1. IMMIGRATION CONFERENCE CHAIRED  BY NEIL DORNBAUM

The New Jersey Institute for Continuing Legal Education’s 11th Annual Immigration Conference provided an in-depth look at several hot immigration issues including Form I-9 enforcement and E-Verify. Moderated by attorney Neil Dornbaum, the conference featured a “who’s who” of government speakers from important agencies (USCIS, ICE, DOJ, DOL), as well as representatives from Congressional offices, academia, think tanks, and the US Chamber of Commerce.

The panel on I-9 and E-Verify was comprised almost entirely of leading government officials, including Brett Dreyer, Unit Chief, Worksite Enforcement Unit of ICE; Kathy Lotspeich, Deputy Chief, Verification Division of USCIS, and Jennifer Sultan, Civil Rights Division of the Department of Justice. Each one of the speakers began their presentation describing their respective agencies and goals with respect to employment eligibility verification, and then relaying the latest developments in their field. The overall message will sound familiar: we can expect increasing I-9 enforcement, expanding E-Verify requirements, and the ever- essentially involves preventing a company from getting government contracts, loans, grants, insurance etc.

In the last 5 years, ICE has reinvigorated the Form I-9 inspection program by vastly increasing the number of audits. Recently, ICE established a National Audit Center to handle the overflow from local offices and enable the auditing of large employers. So how does ICE pick an organization for audit? Contrary to popular opinion, it is generally not by random selection. ICE’s predecessor, INS, used this tactic (auditors would select companies from Dun and Bradstreet). This was generally considered ineffective. Likewise, ICE does not deliberately target specific industries (although in practice, many low scale/low paying industries are affected). Companies are chosen based on leads and intelligence (public, law enforcement, business competitors, etc.)

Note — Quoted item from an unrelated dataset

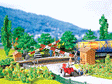 Curved Grade Crossing w/Gates -- 7-1/2 x 6-5/16"  19 x 16cm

Whether an employer subject to an audit, receives a subpoena depends on the employer, the allegations, and other factors. In some situations, employers will simply receive a letter requesting documents whereas in others a formal subpoena will be issued.  NOTE:  This month over 1000 subpoenas were issued nationwide to employers for I-9 investigations.

Whether ICE forgives errors which are corrected by the employer depends on whether they are technical violations, in that case, ICE will provide the required 10 days to correct them. For substantive violations (e.g., failing to complete an I-9, certain information missing including date signed, date of hire etc), ICE will be less likely to forgive the employer even if  remedied after the investigation. The goal of the program is to encourage employers to proactively address the I-9 problem before ICE comes knocking at the door. If substantive violations are corrected after the investigation, it’s generally too late to avoid a fine. ICE is much more sympathetic to the employer who made corrections prior to the investigation.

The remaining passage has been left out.